The role of the federal judiciary in the administrative scheme established by the Social
Security Act is a limited one. The Act provides that the “findings of the Commissioner of Social
Security as to any fact, if supported by substantial evidence, shall be conclusive.” 42 U.S.C.
§ 405(g). “Substantial evidence has been defined innumerable times as more than a scintilla, but
less than preponderance.” Thomas v. Celebrezze, 331 F.2d 541, 543 (4th Cir. 1964). This
standard precludes de novo review of the factual circumstances that substitutes the Court’s
findings of fact for those of the Commissioner. Vitek v. Finch, 438 F.2d 1157, 1157 (4th Cir.
1971).
Although the federal court’s review role is a limited one, “it does not follow . . . that the
findings of the administrative agency are to be mechanically accepted.
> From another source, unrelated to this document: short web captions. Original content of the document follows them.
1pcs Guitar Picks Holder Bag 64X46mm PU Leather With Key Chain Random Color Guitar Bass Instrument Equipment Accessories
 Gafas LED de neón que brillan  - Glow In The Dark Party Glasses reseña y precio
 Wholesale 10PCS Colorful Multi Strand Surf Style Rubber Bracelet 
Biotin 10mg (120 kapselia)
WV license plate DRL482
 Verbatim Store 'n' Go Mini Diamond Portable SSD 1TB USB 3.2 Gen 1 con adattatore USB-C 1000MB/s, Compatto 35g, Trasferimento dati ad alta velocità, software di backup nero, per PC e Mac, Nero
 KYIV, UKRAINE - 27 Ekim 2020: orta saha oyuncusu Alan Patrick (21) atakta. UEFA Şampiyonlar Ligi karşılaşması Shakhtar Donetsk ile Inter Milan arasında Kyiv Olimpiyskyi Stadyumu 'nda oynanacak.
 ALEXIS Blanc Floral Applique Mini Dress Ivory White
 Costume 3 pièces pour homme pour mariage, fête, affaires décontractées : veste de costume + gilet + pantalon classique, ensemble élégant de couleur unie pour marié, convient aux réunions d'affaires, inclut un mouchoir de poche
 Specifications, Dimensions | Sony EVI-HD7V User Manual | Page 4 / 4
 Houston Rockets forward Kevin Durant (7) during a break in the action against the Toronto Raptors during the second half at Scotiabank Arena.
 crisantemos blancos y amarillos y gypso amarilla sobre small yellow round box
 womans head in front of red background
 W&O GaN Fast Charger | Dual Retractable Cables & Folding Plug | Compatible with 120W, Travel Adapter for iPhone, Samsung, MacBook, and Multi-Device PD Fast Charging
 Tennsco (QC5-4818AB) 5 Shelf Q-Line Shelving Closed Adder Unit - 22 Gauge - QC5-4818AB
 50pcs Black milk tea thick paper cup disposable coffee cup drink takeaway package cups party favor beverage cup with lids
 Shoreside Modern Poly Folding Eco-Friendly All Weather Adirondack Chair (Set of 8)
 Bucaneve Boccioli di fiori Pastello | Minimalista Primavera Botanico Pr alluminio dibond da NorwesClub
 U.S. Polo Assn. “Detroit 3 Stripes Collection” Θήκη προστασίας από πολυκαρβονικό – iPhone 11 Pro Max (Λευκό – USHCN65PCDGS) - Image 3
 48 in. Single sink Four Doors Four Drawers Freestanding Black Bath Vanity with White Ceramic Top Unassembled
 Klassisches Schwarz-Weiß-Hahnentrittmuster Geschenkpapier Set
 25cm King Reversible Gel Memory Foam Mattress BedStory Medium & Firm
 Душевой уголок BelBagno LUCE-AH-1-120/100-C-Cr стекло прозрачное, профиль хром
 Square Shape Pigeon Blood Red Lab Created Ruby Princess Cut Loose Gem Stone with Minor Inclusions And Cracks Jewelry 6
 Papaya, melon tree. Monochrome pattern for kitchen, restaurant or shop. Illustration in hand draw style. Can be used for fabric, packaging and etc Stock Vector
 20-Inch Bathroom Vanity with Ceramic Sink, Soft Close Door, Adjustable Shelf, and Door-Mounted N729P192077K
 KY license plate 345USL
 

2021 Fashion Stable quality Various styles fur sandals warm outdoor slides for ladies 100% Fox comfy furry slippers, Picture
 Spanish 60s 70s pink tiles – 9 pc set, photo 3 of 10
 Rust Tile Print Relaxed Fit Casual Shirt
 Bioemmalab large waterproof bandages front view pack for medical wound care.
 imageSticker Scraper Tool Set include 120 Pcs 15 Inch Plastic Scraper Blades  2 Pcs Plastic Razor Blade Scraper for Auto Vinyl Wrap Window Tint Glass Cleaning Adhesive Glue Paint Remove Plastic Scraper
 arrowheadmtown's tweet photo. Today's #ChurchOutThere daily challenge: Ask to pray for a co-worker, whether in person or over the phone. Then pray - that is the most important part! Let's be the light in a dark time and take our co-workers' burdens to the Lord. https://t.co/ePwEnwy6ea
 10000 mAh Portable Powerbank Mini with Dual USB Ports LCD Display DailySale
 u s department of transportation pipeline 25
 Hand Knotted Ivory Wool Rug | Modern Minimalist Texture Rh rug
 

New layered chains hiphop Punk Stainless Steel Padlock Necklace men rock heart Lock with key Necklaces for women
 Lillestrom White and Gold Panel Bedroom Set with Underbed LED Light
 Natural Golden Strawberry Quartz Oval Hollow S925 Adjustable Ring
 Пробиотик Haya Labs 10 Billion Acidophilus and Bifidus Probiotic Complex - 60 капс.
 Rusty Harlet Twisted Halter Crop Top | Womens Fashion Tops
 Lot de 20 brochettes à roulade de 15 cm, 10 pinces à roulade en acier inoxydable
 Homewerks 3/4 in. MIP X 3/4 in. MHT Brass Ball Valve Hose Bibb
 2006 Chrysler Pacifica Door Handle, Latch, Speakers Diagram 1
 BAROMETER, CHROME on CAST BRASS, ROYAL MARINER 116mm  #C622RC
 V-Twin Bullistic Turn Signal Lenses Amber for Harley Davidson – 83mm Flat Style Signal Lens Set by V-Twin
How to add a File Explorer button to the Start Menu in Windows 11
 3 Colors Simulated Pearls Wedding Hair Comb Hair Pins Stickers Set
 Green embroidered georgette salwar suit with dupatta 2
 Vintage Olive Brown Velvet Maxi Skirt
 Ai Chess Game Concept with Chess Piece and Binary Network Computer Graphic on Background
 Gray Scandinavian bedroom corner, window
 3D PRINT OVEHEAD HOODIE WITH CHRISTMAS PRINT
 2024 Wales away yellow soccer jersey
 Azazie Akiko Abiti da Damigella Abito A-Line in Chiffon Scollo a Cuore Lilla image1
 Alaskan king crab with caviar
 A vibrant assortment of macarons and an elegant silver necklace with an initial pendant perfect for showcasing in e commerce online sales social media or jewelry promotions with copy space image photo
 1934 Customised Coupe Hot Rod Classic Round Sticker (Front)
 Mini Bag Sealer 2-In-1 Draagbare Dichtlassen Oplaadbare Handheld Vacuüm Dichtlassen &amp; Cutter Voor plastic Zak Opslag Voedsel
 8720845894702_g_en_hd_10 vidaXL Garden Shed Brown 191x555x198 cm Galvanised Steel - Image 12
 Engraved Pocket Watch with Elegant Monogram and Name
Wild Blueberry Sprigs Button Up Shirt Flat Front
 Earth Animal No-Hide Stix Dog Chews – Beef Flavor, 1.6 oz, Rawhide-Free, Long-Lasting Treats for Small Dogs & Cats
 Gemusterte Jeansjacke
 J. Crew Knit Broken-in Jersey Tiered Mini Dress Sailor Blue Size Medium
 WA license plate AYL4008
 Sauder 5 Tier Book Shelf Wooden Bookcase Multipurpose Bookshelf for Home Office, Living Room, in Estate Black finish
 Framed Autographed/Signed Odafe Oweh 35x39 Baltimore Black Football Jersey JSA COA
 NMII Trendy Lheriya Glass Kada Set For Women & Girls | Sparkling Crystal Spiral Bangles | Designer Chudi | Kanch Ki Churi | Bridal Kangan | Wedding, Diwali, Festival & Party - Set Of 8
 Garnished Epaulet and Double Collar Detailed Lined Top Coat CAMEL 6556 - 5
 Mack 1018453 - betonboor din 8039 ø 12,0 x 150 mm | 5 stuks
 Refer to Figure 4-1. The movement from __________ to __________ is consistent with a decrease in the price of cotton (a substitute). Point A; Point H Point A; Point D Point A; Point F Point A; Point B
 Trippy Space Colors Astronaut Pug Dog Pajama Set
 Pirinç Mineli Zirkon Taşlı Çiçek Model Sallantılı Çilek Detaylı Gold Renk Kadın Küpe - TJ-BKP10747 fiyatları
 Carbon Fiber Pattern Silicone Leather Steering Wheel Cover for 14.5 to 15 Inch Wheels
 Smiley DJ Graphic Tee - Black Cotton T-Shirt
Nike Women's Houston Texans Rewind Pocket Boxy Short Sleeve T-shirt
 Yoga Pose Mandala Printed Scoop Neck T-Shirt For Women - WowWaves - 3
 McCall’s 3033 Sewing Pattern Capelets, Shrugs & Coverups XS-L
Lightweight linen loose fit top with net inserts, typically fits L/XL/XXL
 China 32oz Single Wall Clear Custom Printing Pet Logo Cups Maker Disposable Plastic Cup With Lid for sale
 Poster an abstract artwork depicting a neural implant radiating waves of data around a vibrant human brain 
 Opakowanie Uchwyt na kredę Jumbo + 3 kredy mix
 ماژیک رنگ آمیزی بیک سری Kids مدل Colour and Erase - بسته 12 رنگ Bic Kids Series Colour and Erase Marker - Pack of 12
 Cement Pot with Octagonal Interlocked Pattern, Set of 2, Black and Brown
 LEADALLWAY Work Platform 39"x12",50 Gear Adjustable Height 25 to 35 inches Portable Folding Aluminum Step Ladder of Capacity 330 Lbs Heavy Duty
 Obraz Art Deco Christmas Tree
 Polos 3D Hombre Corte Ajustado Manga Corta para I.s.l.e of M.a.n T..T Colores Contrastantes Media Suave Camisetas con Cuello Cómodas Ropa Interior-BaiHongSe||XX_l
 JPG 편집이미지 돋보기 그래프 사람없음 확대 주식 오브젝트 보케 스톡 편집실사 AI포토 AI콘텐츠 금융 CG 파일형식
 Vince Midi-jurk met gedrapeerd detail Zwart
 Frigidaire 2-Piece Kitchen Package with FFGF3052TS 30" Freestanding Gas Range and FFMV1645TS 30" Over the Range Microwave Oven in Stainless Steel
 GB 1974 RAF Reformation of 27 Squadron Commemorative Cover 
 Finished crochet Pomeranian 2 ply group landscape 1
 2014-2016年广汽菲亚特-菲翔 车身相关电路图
The statutorily granted
right of review contemplates more than an uncritical rubber stamping of the administrative
action.” Flack v. Cohen, 413 F.2d 278, 279 (4th Cir. 1969). Further, the Commissioner’s
findings of fact are not binding if they were based upon the application of an improper legal
standard. Coffman v. Bowen, 829 F.2d 514, 519 (4th Cir. 1987).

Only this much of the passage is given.